All of the listing below must be repeated word for word. Pictures are the only thing to omit.

## DATA PROVIDED
····················

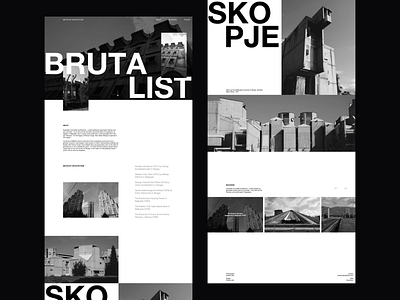 Brutalist Photography Portfolio architecture brutalism brutalist design design layout minimal modern photography portfolio portfolio site typography website whitespace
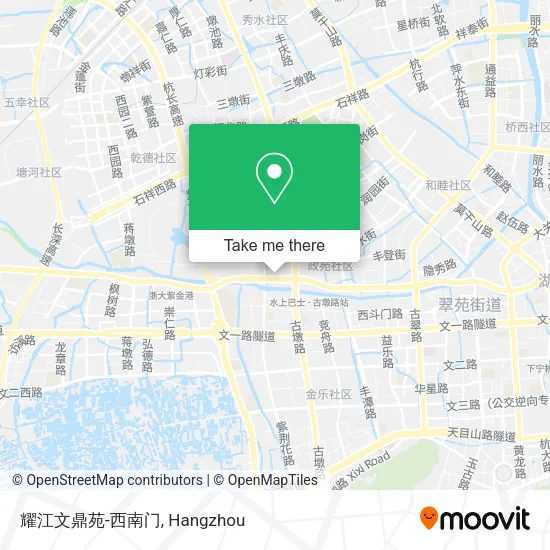 耀江文鼎苑-西南门 map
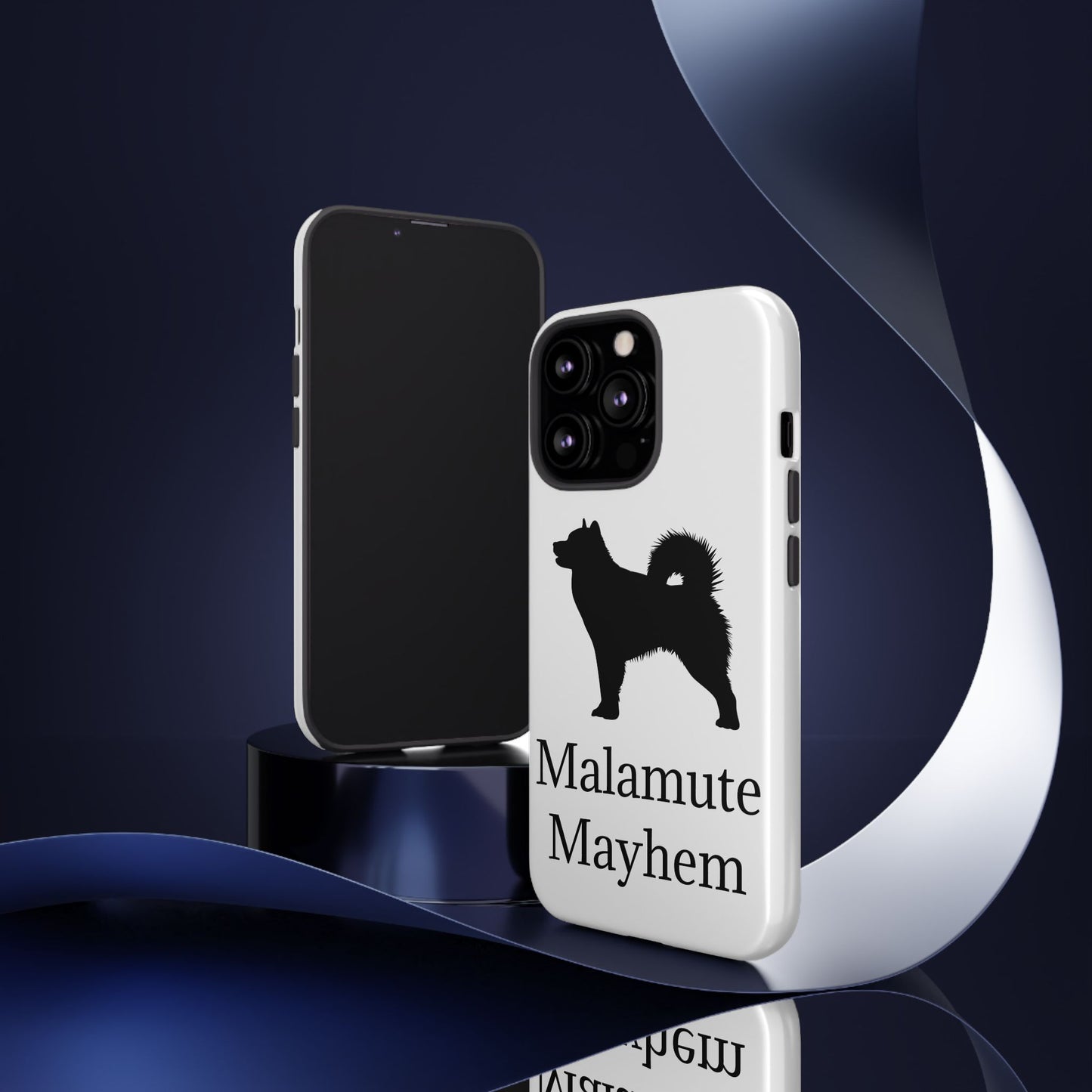 Malamute Mayhem iPhone Case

····················

## SOLUTION FOR THIS EXERCISE
 Brutalist Photography Portfolio architecture brutalism brutalist design design layout minimal modern photography portfolio portfolio site typography website whitespace
 耀江文鼎苑-西南门 map
 Malamute Mayhem iPhone Case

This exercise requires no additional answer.